* The task
All lines below starting at the one that holds "1980s WHATABURGER BUFFALO" and ending at the one that holds "Crc Bijuteri سوار" should be printed exactly, ends included. Pictures should not be printed, nor anything else.

* Supplied entries

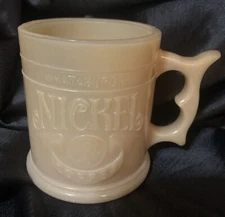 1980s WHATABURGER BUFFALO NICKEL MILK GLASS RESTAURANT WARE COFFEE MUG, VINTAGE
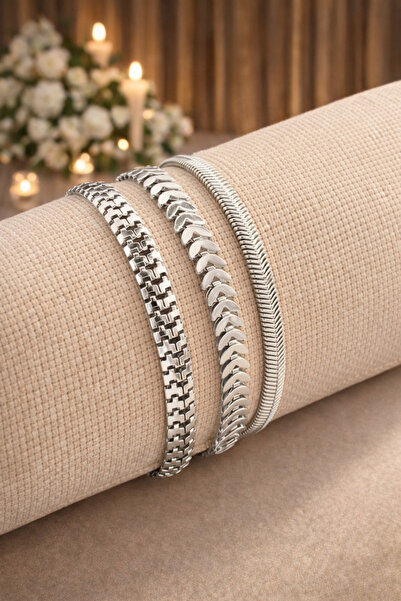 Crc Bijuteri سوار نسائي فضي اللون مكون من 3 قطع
...
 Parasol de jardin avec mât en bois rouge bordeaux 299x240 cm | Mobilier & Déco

* Result of this task
 1980s WHATABURGER BUFFALO NICKEL MILK GLASS RESTAURANT WARE COFFEE MUG, VINTAGE
 Crc Bijuteri سوار نسائي فضي اللون مكون من 3 قطع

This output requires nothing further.